Ao longo de mais de três décadas, o setor moageiro brasileiro passou por mudanças significativas, impulsionadas pela redução da intervenção estatal, pela abertura de mercado e pelo aumento da competitividade.

De acordo com o presidente-executivo da Abitrigo, Rubens Barbosa, esse processo exigiu maior profissionalização e eficiência da indústria.

“A Abitrigo acompanhou e contribuiu para a modernização do setor moageiro. Hoje, representamos uma indústria mais competitiva e essencial para a segurança alimentar do país”, destaca.

Consolidação do setor fortaleceu papel institucional da entidade

A evolução da indústria do trigo também foi marcada pela consolidação de empresas, investimentos em tecnologia e ampliação da capacidade produtiva.

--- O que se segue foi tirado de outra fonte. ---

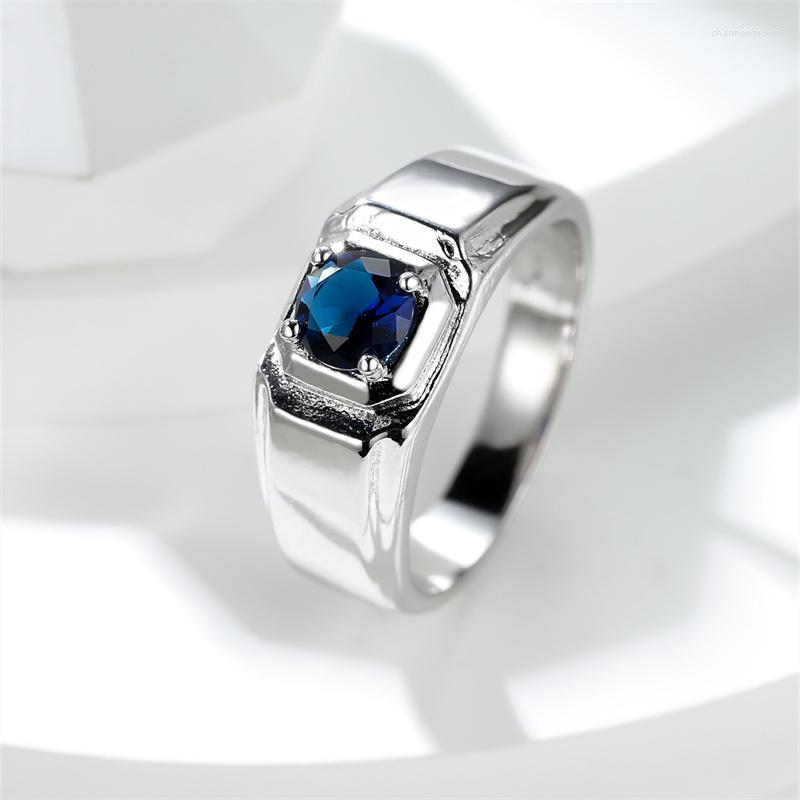 

Wedding Rings Trendy Mens Royal Blue Stone Ring Silver Color Round Zircon Bands Male Luxury Engagement For Men Jewelry Gifts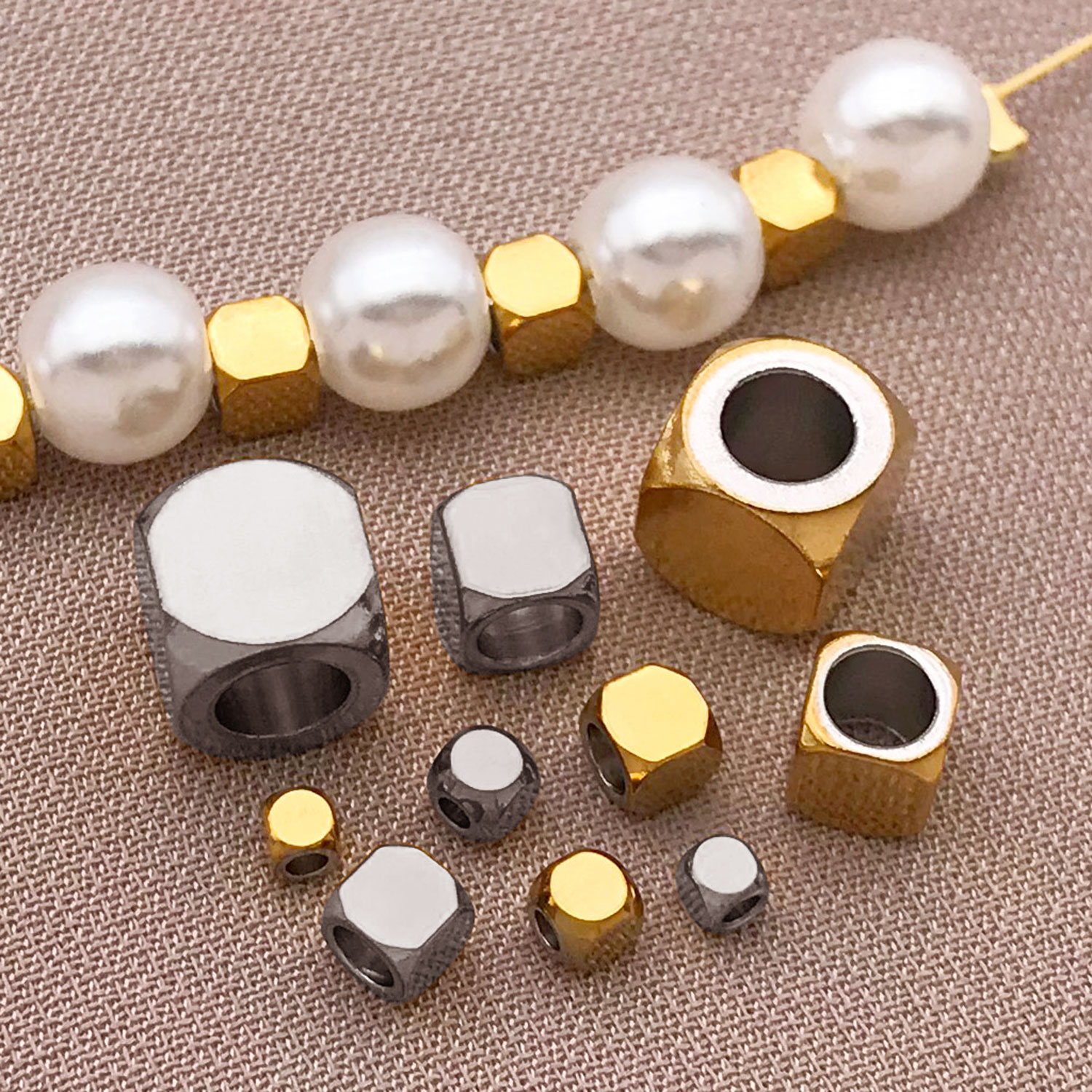 20pcs/Lot Never Fade Stainless Steel Spacer Beads Loose 18K Golden Color Square Beads Bulk For Necklace Bracelet Jewelry Making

Esse movimento reforçou a importância da Abitrigo como articuladora institucional, ampliando sua atuação em temas estratégicos como política agrícola, comércio exterior, regulação, competitividade e sustentabilidade.

Para o presidente do Conselho Deliberativo da entidade, Daniel Kümmel, a trajetória da associação acompanha o amadurecimento do setor.

“A Abitrigo se fortaleceu junto com a indústria e segue sendo fundamental para promover o diálogo e defender interesses comuns”, afirma.

Entidade atua em agenda estratégica da cadeia do trigo no Brasil

Atualmente, a Abitrigo reúne os principais moinhos de trigo do país e mantém atuação ativa junto a órgãos governamentais, entidades de classe e demais elos da cadeia produtiva.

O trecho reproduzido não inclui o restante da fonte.